Review: JetBrains PyCharm
PyCharm from JetBrains, is a full featured Python IDE. Which over the last 6 months has been my Python IDE of choice.
The official site is: https://www.jetbrains.com/pycharm.
I would like to share my experiences, which have mostly been positive.
Before jumping into thoughts and experiences, lets preface with the two different editions of PyCharm. Community and Professional.
PyCharm Community Edition is the free version. For my usage, it can almost do everything I need. Featuring everything that I would expect from an IDE. Such as, auto indentation and code completion. There are less features then the paid version. However, it doesn’t feel like they have made it just to give a taste. For many people it would do everything that they would want.
The Professional Edition adds a good chunk of additional features. As I change between my laptop and desktop often. The remote development feature was very compelling. For me, this provides the ability to a script on an instance in the cloud. Along the same lines, you can select an interpreter which is a docker container.
The remote development feature, was what the deciding point to pay for the licence. Otherwise I would have probably stayed with Community Edition.
Interface and UX
The interface is well laid out in it’s default state. It is, also very customization. You’re able to personalize the layout, colours and fonts to your hearts content. I haven’t delved into the customization greatly. Simply because after changing window locations and colour them, I’m happy.
I did find when I had the Python console on the bottom, it would expand up and cover more of the screen then I would prefer. While on the right hand side, I do not have this occur.
As PyCharm is a multi-platform system, it includes the ability to sync your profile settings between instances. Making the change from Windows to Mac and back very seamless.
Debugging and Documentation
PyCharm features a debugger. For me this has been fantastic. It’s very easy to dig through to code and see what is happening. Stopping and a break and seeing what variables contain at that point.
The debugging functionality makes a lot of sense to use. Which makes the frustrating task of debugging a bit easier.

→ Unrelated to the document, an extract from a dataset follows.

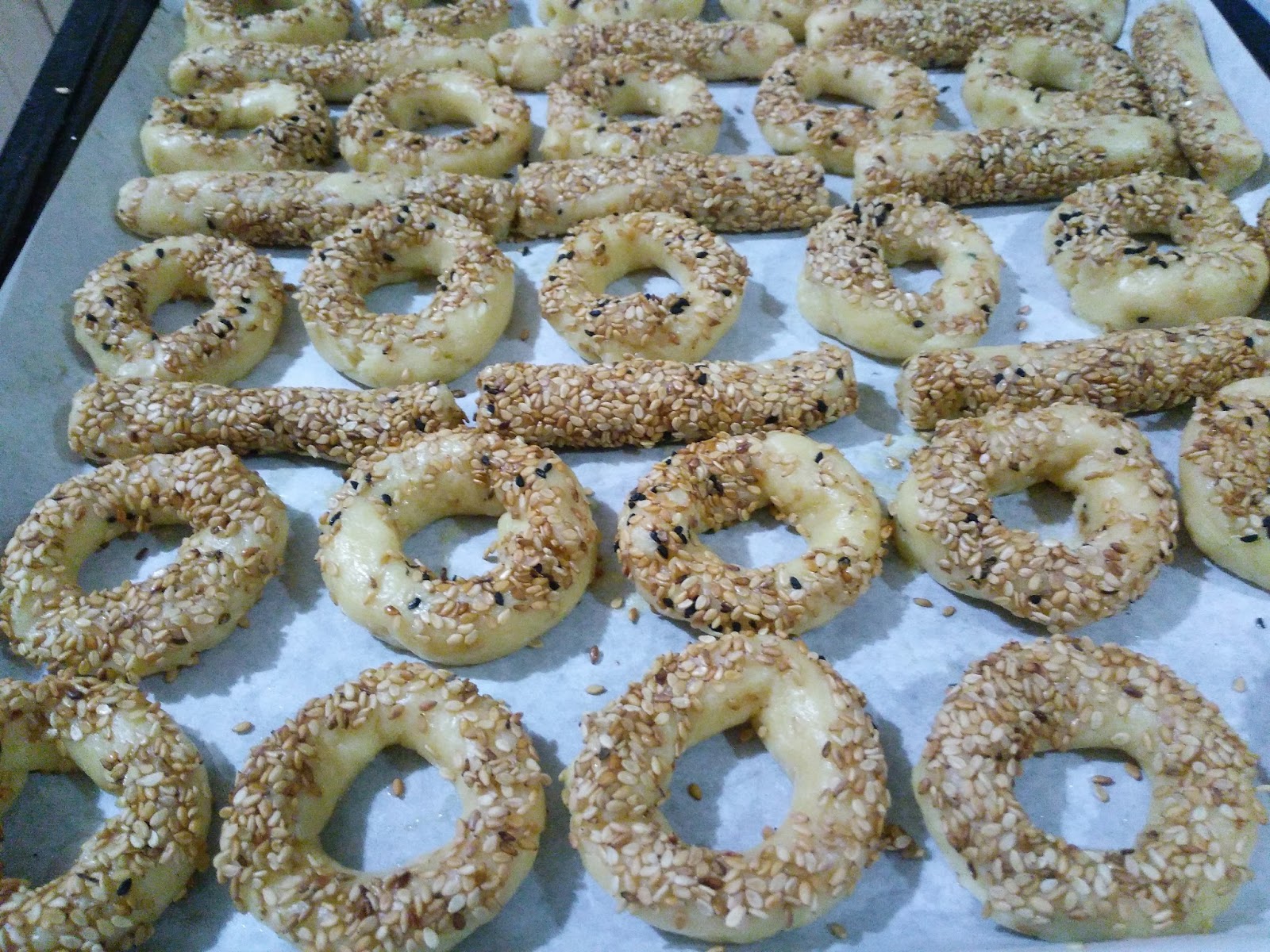 Akissmutfak Mahlepli Tuzlu Simit Kurabiye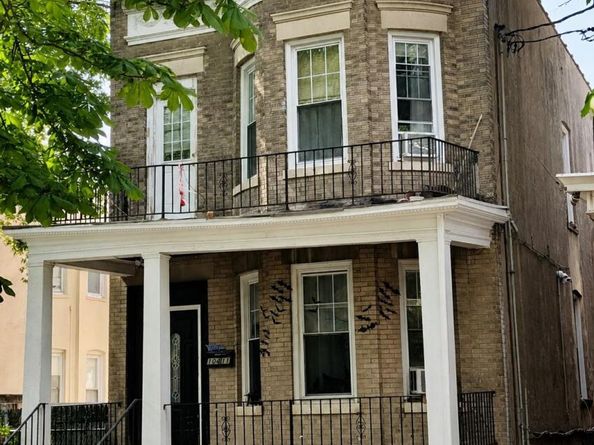 10411 89th Avenue, Richmond Hill NY 11418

Documentation has been great. Features are well covered and the language used is simple enough to understand. I find many products are let down by poor documentation, thankfully this is not the case for PyCharm.
I have used IDE’s when dabbling with code before, but I’m not a heavy coder. As someone knew to Python, I have found PyCharm to be an exceptional piece of kit.
If you want to try it out, grab the community edition. You don’t even have to supply an email address.